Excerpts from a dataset
▬▬▬

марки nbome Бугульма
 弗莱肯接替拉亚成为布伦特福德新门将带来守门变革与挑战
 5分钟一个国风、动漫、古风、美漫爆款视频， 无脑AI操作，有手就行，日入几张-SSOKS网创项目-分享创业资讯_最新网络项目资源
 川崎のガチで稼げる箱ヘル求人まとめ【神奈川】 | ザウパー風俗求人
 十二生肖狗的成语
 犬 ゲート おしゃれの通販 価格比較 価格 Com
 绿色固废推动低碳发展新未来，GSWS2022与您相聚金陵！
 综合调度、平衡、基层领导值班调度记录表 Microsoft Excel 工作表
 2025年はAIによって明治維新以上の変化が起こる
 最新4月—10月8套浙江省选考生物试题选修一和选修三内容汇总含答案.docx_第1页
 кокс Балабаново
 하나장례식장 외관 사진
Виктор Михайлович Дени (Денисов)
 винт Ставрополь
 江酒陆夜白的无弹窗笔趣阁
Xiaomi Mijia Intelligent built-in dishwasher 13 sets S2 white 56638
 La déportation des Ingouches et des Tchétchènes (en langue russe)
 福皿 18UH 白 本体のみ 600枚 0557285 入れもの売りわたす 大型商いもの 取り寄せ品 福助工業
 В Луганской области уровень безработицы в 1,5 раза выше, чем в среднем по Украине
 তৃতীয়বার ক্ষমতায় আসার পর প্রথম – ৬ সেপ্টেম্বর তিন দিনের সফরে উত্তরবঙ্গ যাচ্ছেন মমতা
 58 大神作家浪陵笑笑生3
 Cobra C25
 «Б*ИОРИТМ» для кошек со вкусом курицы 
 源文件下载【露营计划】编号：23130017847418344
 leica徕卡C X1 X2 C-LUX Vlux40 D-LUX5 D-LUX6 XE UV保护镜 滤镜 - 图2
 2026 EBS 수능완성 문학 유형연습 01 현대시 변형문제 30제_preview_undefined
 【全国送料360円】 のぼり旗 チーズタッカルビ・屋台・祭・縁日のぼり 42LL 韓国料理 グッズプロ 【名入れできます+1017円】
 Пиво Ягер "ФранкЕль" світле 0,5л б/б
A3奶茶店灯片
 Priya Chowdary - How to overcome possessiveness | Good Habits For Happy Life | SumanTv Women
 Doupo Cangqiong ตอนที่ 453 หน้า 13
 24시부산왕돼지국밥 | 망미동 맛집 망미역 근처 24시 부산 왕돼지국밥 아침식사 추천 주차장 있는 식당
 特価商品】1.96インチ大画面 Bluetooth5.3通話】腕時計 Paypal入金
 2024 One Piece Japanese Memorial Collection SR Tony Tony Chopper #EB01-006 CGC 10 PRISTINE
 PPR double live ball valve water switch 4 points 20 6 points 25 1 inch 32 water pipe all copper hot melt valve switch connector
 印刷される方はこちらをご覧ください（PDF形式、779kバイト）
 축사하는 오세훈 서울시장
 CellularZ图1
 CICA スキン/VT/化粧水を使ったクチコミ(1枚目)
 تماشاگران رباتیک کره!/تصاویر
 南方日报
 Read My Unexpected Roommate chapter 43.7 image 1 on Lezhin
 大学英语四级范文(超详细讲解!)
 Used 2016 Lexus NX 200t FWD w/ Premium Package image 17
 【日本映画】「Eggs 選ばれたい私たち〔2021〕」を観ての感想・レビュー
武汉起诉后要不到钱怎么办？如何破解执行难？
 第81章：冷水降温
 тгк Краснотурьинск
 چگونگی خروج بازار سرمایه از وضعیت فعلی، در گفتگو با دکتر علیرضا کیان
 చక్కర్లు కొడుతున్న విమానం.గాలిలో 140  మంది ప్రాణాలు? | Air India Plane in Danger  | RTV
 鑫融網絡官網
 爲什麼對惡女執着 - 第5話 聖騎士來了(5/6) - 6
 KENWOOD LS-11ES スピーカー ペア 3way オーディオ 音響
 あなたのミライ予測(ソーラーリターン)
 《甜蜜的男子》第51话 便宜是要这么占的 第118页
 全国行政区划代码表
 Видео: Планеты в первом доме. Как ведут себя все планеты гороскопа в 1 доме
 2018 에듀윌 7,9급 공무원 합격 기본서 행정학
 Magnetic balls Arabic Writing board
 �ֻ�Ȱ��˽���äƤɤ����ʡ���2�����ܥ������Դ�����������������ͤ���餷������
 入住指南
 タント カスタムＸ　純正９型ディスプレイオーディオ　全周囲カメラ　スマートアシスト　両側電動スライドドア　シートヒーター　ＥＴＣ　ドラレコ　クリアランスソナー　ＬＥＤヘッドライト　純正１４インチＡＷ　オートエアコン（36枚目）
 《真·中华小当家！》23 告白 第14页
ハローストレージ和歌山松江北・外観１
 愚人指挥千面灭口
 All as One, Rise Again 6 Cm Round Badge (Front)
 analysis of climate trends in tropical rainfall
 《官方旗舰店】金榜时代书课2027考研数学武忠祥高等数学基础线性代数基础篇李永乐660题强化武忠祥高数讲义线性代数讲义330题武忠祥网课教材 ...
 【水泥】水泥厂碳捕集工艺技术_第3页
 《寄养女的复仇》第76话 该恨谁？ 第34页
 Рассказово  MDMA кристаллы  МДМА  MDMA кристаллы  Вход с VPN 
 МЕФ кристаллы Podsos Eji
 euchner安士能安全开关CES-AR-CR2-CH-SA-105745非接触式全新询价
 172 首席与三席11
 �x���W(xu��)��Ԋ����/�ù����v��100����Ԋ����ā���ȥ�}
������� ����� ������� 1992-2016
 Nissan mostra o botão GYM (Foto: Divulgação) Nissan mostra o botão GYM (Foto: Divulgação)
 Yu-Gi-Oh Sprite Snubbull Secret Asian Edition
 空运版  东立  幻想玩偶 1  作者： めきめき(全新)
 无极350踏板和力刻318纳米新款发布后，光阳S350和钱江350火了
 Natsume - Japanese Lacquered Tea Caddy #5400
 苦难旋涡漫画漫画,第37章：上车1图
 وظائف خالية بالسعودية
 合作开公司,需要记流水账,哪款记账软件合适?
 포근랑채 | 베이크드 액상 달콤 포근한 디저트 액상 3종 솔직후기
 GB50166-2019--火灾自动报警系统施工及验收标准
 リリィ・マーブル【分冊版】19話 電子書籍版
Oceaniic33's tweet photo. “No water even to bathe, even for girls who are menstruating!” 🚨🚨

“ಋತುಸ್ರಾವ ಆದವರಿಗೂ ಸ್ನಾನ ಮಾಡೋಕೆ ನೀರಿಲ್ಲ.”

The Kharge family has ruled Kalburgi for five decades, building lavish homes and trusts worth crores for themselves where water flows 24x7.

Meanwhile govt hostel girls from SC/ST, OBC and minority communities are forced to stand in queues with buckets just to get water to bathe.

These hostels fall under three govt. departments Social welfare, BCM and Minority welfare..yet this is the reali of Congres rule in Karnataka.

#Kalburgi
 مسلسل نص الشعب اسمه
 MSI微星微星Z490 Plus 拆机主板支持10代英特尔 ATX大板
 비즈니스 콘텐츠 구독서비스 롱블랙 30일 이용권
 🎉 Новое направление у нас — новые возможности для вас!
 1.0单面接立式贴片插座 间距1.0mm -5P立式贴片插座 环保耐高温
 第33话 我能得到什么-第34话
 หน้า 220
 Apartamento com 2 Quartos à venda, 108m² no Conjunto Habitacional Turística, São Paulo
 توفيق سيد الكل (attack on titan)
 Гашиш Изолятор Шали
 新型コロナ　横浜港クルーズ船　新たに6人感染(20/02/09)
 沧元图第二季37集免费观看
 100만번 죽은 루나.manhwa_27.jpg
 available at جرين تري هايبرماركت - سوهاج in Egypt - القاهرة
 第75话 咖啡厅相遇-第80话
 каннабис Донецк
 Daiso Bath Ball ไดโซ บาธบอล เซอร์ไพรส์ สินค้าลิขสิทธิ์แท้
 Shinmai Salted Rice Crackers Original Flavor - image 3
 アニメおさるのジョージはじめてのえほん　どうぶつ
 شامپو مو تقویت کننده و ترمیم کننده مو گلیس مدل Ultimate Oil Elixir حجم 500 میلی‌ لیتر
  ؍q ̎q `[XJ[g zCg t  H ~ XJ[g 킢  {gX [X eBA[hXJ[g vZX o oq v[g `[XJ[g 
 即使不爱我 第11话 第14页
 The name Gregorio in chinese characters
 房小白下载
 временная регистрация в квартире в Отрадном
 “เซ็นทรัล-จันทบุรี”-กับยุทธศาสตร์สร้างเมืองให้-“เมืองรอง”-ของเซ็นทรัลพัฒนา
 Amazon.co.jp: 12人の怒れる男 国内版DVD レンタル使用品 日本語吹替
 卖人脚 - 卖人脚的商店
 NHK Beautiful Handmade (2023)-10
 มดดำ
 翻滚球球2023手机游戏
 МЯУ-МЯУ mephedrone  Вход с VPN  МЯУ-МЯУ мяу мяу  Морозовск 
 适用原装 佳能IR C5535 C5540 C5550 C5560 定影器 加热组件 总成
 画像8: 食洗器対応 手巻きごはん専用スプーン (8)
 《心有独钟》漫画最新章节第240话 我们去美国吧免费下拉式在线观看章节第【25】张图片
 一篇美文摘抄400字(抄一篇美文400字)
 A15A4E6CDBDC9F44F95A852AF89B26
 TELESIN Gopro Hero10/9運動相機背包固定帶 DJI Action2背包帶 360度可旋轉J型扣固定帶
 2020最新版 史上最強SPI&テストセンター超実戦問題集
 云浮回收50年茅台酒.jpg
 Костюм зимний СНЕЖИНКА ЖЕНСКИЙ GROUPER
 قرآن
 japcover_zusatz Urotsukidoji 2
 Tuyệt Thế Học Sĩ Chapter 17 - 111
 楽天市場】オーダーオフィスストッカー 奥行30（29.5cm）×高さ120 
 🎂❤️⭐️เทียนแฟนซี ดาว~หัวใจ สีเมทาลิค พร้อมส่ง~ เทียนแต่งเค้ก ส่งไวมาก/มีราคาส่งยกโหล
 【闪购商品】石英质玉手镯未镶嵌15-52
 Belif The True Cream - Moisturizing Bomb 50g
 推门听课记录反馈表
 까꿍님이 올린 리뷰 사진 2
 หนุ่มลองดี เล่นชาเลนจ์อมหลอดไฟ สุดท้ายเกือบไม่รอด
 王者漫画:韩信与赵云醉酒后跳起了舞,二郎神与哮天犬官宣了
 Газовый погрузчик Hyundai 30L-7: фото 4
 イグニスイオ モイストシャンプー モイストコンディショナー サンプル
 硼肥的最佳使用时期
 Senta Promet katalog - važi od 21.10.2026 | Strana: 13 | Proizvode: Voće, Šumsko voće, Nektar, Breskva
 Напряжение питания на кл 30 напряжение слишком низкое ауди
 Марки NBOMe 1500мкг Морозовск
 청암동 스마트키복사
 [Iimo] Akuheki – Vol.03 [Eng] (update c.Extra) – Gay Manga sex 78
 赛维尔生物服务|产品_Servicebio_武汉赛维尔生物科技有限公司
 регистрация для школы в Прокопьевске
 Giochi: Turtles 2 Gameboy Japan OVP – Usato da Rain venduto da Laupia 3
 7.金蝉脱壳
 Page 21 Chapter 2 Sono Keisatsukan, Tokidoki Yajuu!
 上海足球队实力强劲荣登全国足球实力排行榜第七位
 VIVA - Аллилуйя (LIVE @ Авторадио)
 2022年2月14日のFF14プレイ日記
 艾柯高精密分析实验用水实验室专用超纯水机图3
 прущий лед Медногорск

▬▬▬

Exercise directions:
Quote only the lines from the line containing "云浮回收50年茅台酒.jpg" through the end of the entries, keeping the first and the last.

Written response:
 云浮回收50年茅台酒.jpg
 Костюм зимний СНЕЖИНКА ЖЕНСКИЙ GROUPER
 قرآن
 japcover_zusatz Urotsukidoji 2
 Tuyệt Thế Học Sĩ Chapter 17 - 111
 楽天市場】オーダーオフィスストッカー 奥行30（29.5cm）×高さ120 
 🎂❤️⭐️เทียนแฟนซี ดาว~หัวใจ สีเมทาลิค พร้อมส่ง~ เทียนแต่งเค้ก ส่งไวมาก/มีราคาส่งยกโหล
 【闪购商品】石英质玉手镯未镶嵌15-52
 Belif The True Cream - Moisturizing Bomb 50g
 推门听课记录反馈表
 까꿍님이 올린 리뷰 사진 2
 หนุ่มลองดี เล่นชาเลนจ์อมหลอดไฟ สุดท้ายเกือบไม่รอด
 王者漫画:韩信与赵云醉酒后跳起了舞,二郎神与哮天犬官宣了
 Газовый погрузчик Hyundai 30L-7: фото 4
 イグニスイオ モイストシャンプー モイストコンディショナー サンプル
 硼肥的最佳使用时期
 Senta Promet katalog - važi od 21.10.2026 | Strana: 13 | Proizvode: Voće, Šumsko voće, Nektar, Breskva
 Напряжение питания на кл 30 напряжение слишком низкое ауди
 Марки NBOMe 1500мкг Морозовск
 청암동 스마트키복사
 [Iimo] Akuheki – Vol.03 [Eng] (update c.Extra) – Gay Manga sex 78
 赛维尔生物服务|产品_Servicebio_武汉赛维尔生物科技有限公司
 регистрация для школы в Прокопьевске
 Giochi: Turtles 2 Gameboy Japan OVP – Usato da Rain venduto da Laupia 3
 7.金蝉脱壳
 Page 21 Chapter 2 Sono Keisatsukan, Tokidoki Yajuu!
 上海足球队实力强劲荣登全国足球实力排行榜第七位
 VIVA - Аллилуйя (LIVE @ Авторадио)
 2022年2月14日のFF14プレイ日記
 艾柯高精密分析实验用水实验室专用超纯水机图3
 прущий лед Медногорск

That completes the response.